Once a time the Hong Kong Government was proud of Hong Kong being a key hub for warrant trading. What do they feel when your territory's stock exchange has become a big gambling house? In fact, the active trading of warrants was partly induced by the "commission rebate schemes" offered by warrant houses.
Last week SFC reprimanded Macquarie Equities (Asia) Ltd and fined it $4 million following an investigation into Macquarie's operation of a commission rebate scheme in relation to derivative warrants issued by Macquarie Bank Ltd (MB warrants). SFC found that Macquarie operated the commission rebate scheme in breach of its obligation to act with due skill, care and diligence in the best interests of the integrity of the Hong Kong market. In fact SFC banned commission rebate schemes in March 2006.
Macquarie used the commission rebate scheme to reduce transactions costs for investors and stimulate trading in selected MB warrants. Under the rebate arrangement, Macquarie agreed to reimburse investors, through their participating brokers, either in full or in part, the brokerage costs they were charged by their brokers for trading specified warrants.
In January 2002, SFC warned Macquarie that they should ensure their commission rebate scheme did not facilitate trading of MB warrants that was not for any genuine economic or commercial purpose. SFC was concerned that such scheme could encourage improper trading and lead to a false market for the MB warrants. SFC identified heavy trading activities in MB warrants between two clients from two participating brokerages during the period from January 2004 to January 2005. The two clients repeatedly traded the MB warrants at or near the same prices within short time intervals and created substantial amounts of turnover.
For example, in one particular warrant, on one day, two clients of two participating brokers engaged in about 400 trades between themselves in just over 60 minutes of trading with a transaction around every 10 seconds (being 90% of turnover on that day). The trades were conducted at or near the same prices within short time intervals and with effective brokerage commission costs below the amount of commission rebate paid by Macquarie.
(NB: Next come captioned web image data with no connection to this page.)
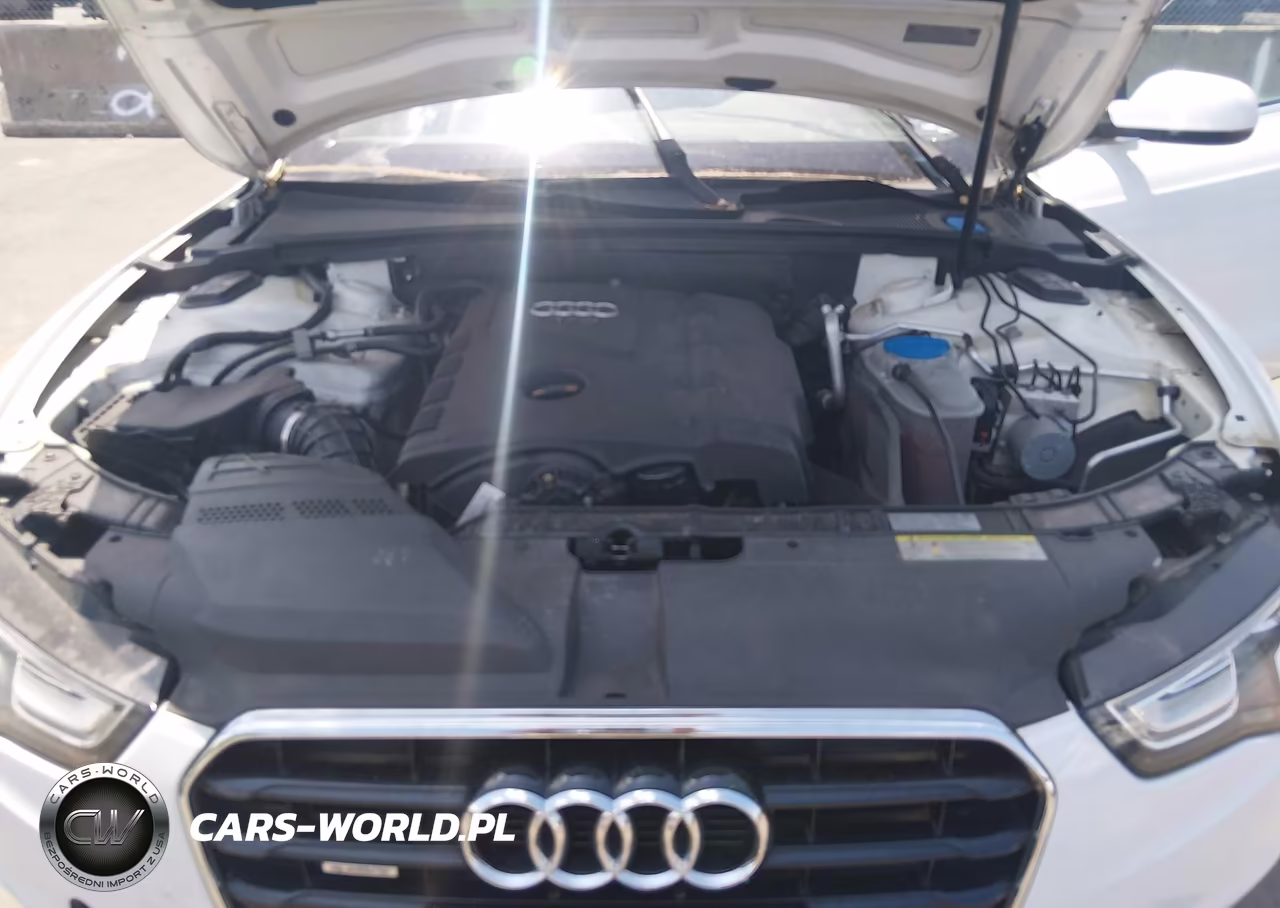 2013 Audi A5 2.0T Premium VIN:WAULFAFH4DN004766 - 10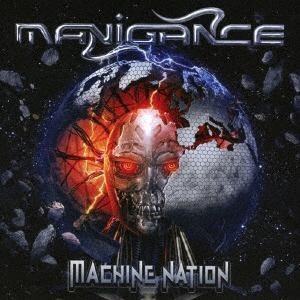 ＜CD＞ マニガンス ／ MACHINE NATION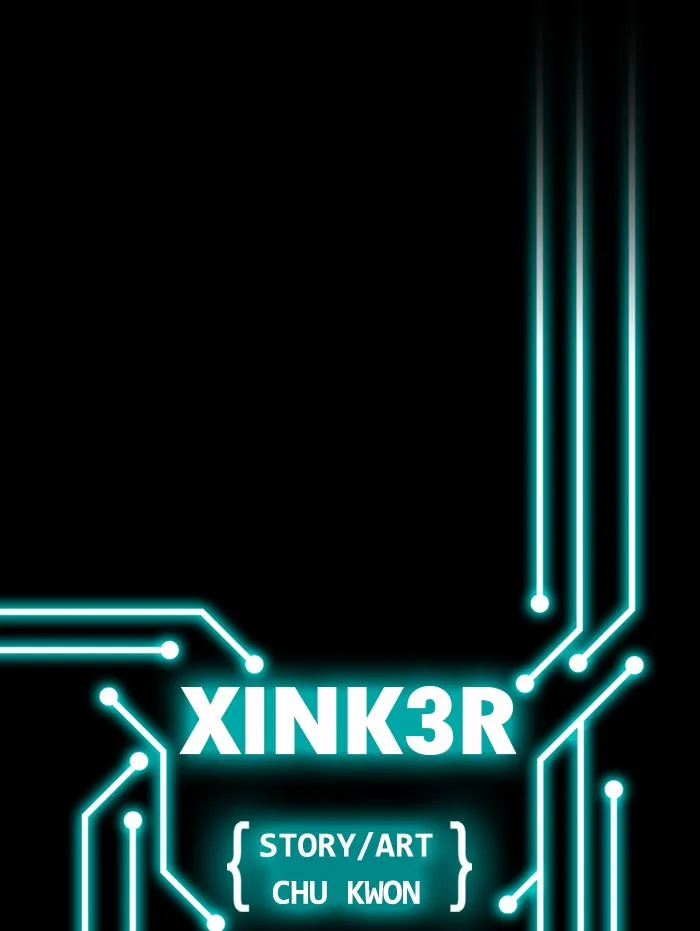 Read XINK3R chapter 24 image 15 on Lezhin
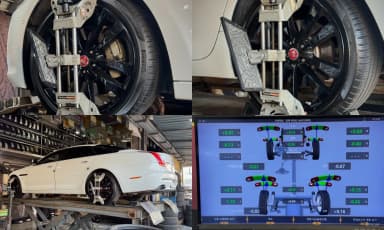 All New XJ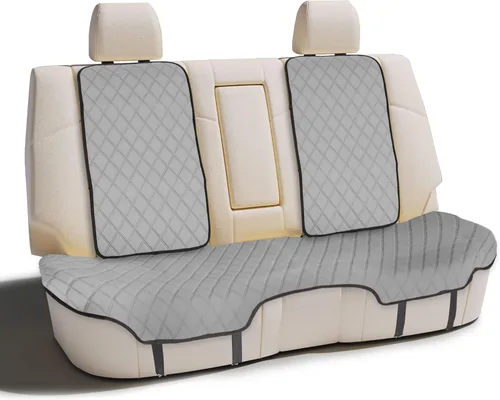 Miniatura 32 de FH Group Funda Cojín para Asiento de Automóvil - Automóviles Camiones SUV, Cojines de Asiento de Automóvil Neosupreme, Funda Cojín de Asiento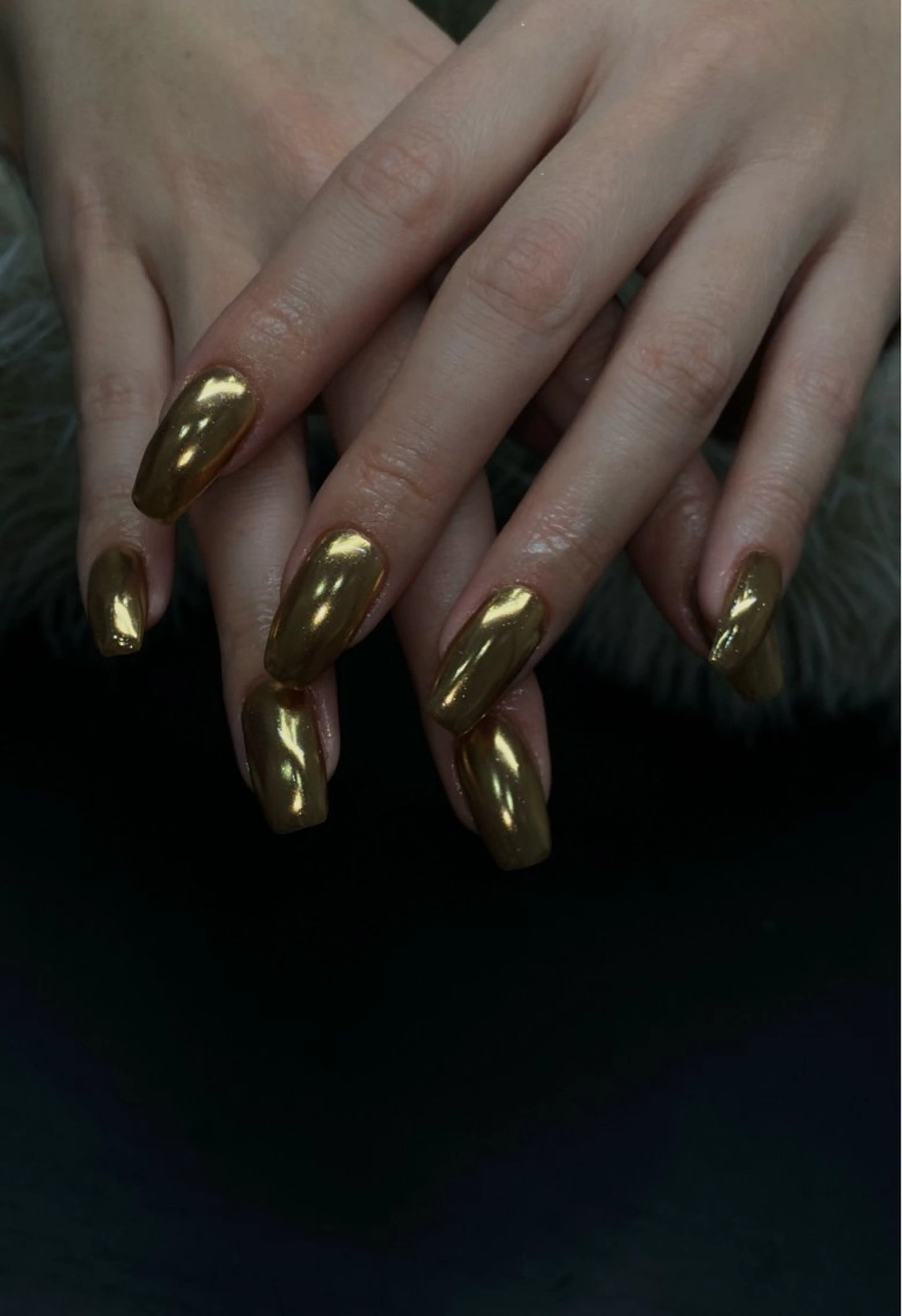 ネイル ハンドネイル ハンドケア NILATE所属・渡邉 あいのネイルデザイン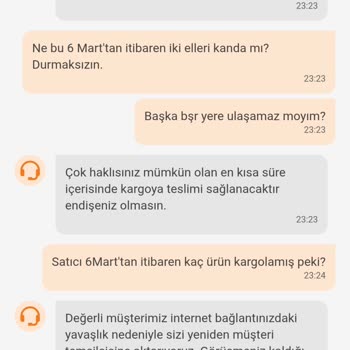 Sipariş Verilen Ürün Gönderilmiyor, Trendyol Ve Satıcıdan Yetersiz Destek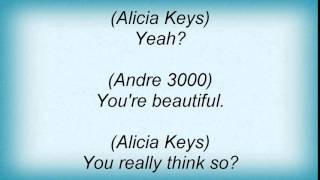 16446 Outkast - You're Beautiful (Interlude) Lyrics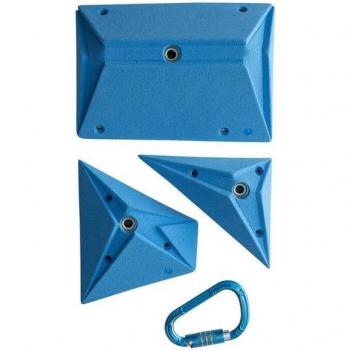 Entre Prises Kletterwand Absolute Sharp Triangles XL, Slopers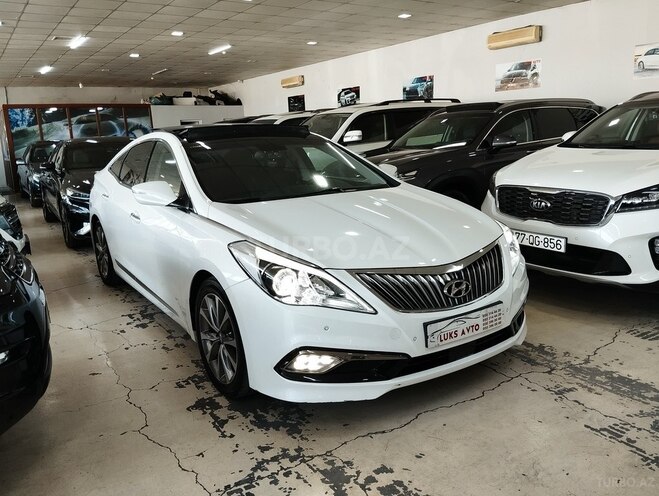 Hyundai Grandeur 2014, 231,000 km - 2.2 л - Bakı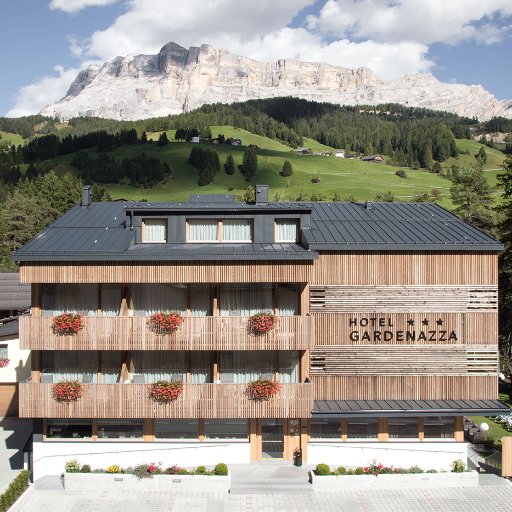 Holiday in the Dolomites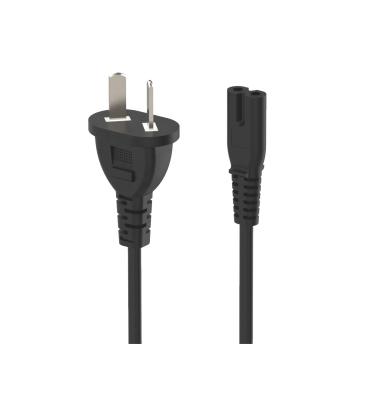 China Factory Directly 2 Pin Plug European Standard Home Appliance Extension Attach Argentina Dryer Power Cord Cable for sale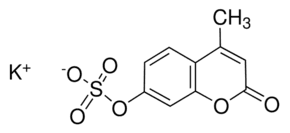 4-Methylumbelliferyl sulfate potassium salt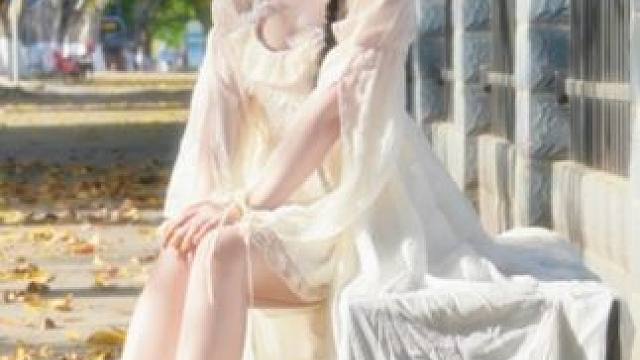 藏在三台市区里的打卡景点 #氛围感 #绝美仙女裙 #街拍 #摄影约拍 #三台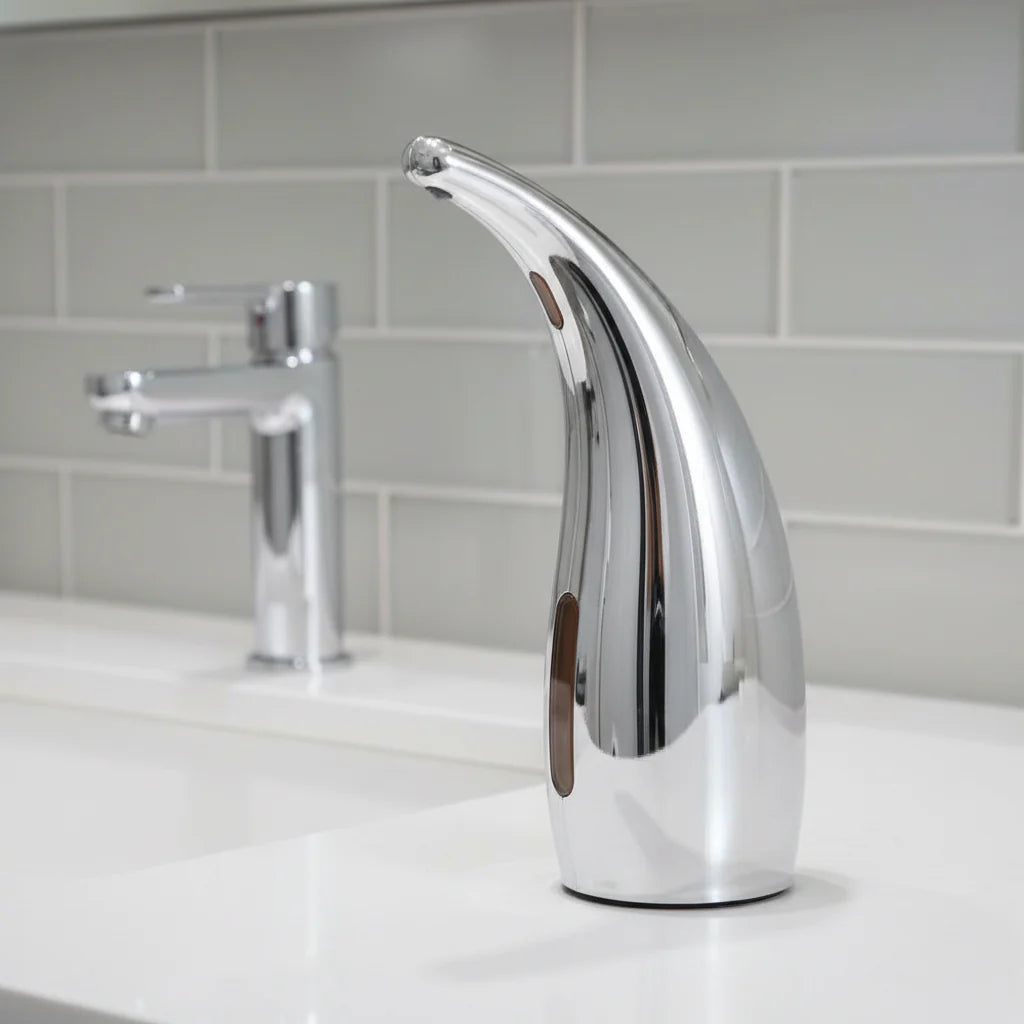 Automatic Soap Dispenser with Sensor - Hygioflow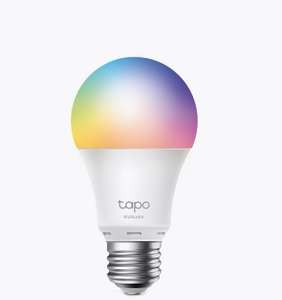 Умная многоцветная WiFi лампа TP-Link Tapo L530E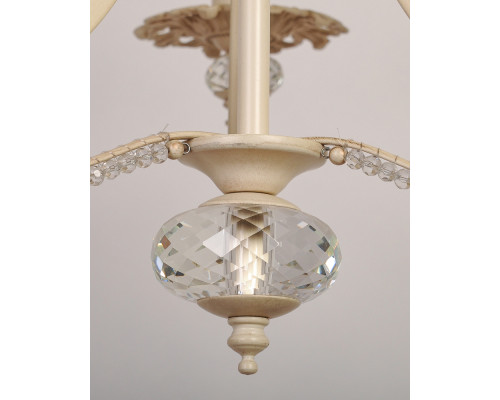 Дополнительное фото Люстра подвесная Abrasax Josephine 3007/3(creamgold): Купить в Интернет магазин освещения GCSVET.RU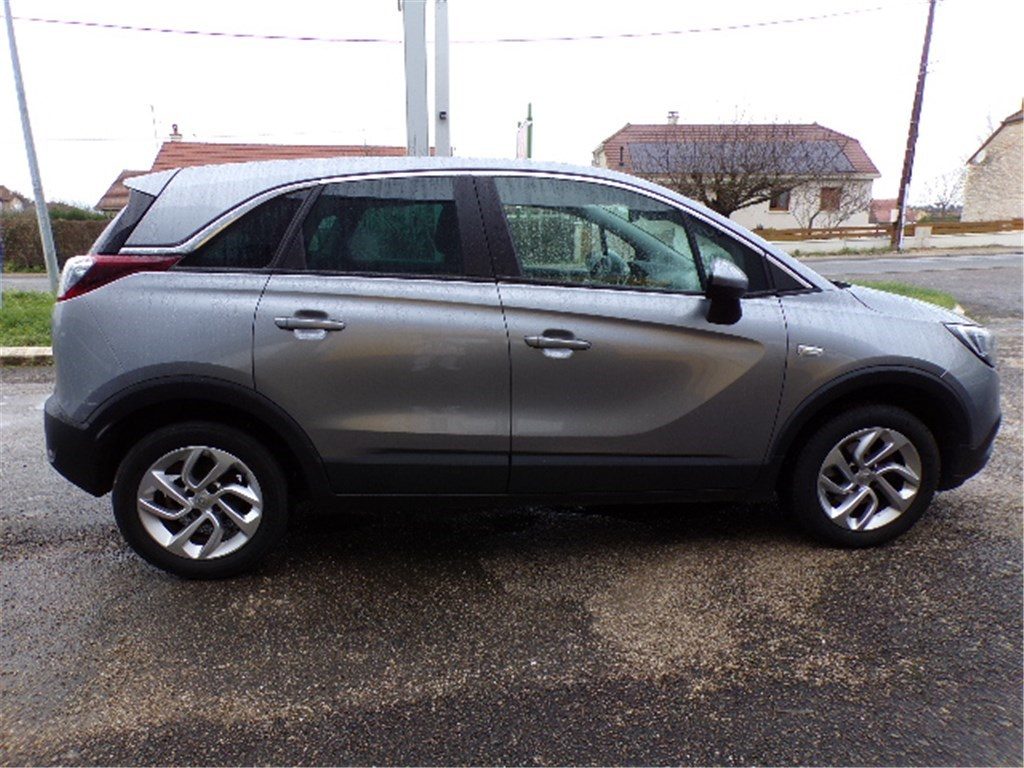 Opel Crossland X 1.2 TURBO 110 CH Elegance, photo 6
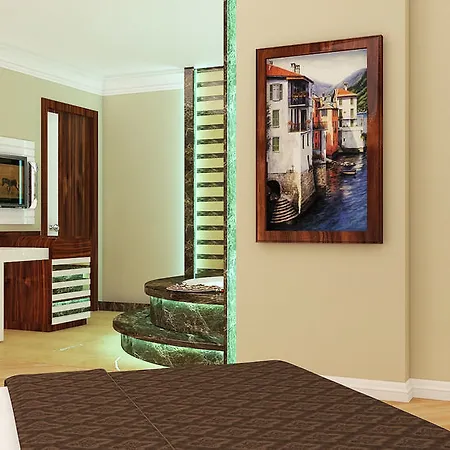 The Lumos Deluxe Hotel Kargicak (Alanya)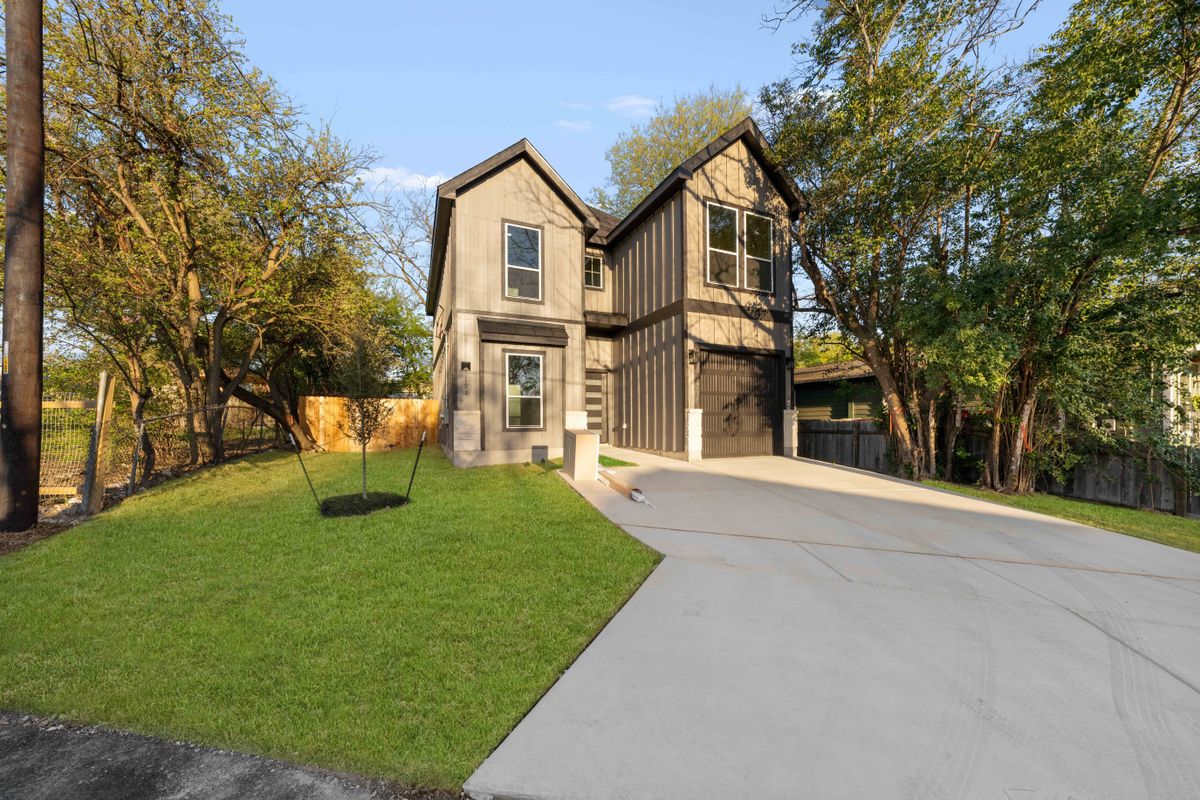 Custom Home Construction for Concrete Cowboys Construction Services in San Antonio, TX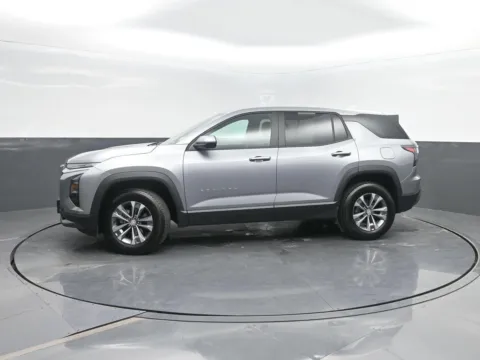 Gray 2026 Chevrolet Equinox AWD LT for sale in Charles City, IA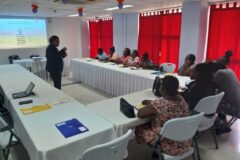 IICA DELEGATION IN GRENADA EMPOWERS FEMALE AGRIBUSINESS ENTREPRENEURS THROUGH UN WOMEN PROJECT
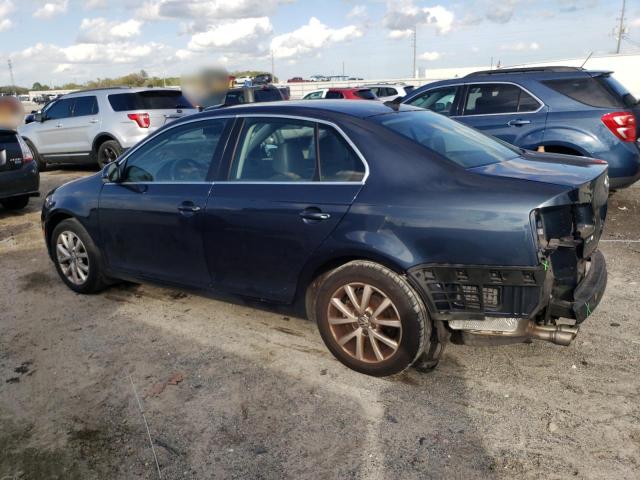 Obraz 2 z 2010 VOLKSWAGEN JETTA SE 2010 z VIN 3VWRX7AJ1AM042837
It appears the trading turnover of the relevant MB warrants was inflated and may have misled investors into believing that certain MB warrants were more actively traded than was actually the case.
While generating a significant amount of commission rebate from Macquarie, the two brokerages gave the clients discounts on brokerage costs for large volume trading. The two clients were then able to generate risk-free profit from the difference between the commission rebate and the discounted brokerage costs. Macquarie had put in place some controls to deal with the risk to market integrity and monitored the payment of commission rebate, but it failed to check whether the commission rebate scheme was providing clients with more money than was required to rebate actual brokerage costs. The volume and nature of the trading should have alerted Macquarie to make additional inquiries about the operation of the scheme and to check whether it was distorting the market for these MB warrants.
The SFC considers that if Macquarie had realised the true nature of this trading activity, Macquarie would have been obliged to ban those brokers from further participation in the commission rebate scheme. Macquarie eventually did ban some commission rebate scheme participants, but this was too late.
What are the root problems in my opinion? First, too many investors believe that actively traded warrants are "good" warrants. Second, SFC was wrong in releasing the warrant market in 2001. May I ask those frontline staff working for warrant houses a question: don't you feel guilty of teaching the general public to gamble?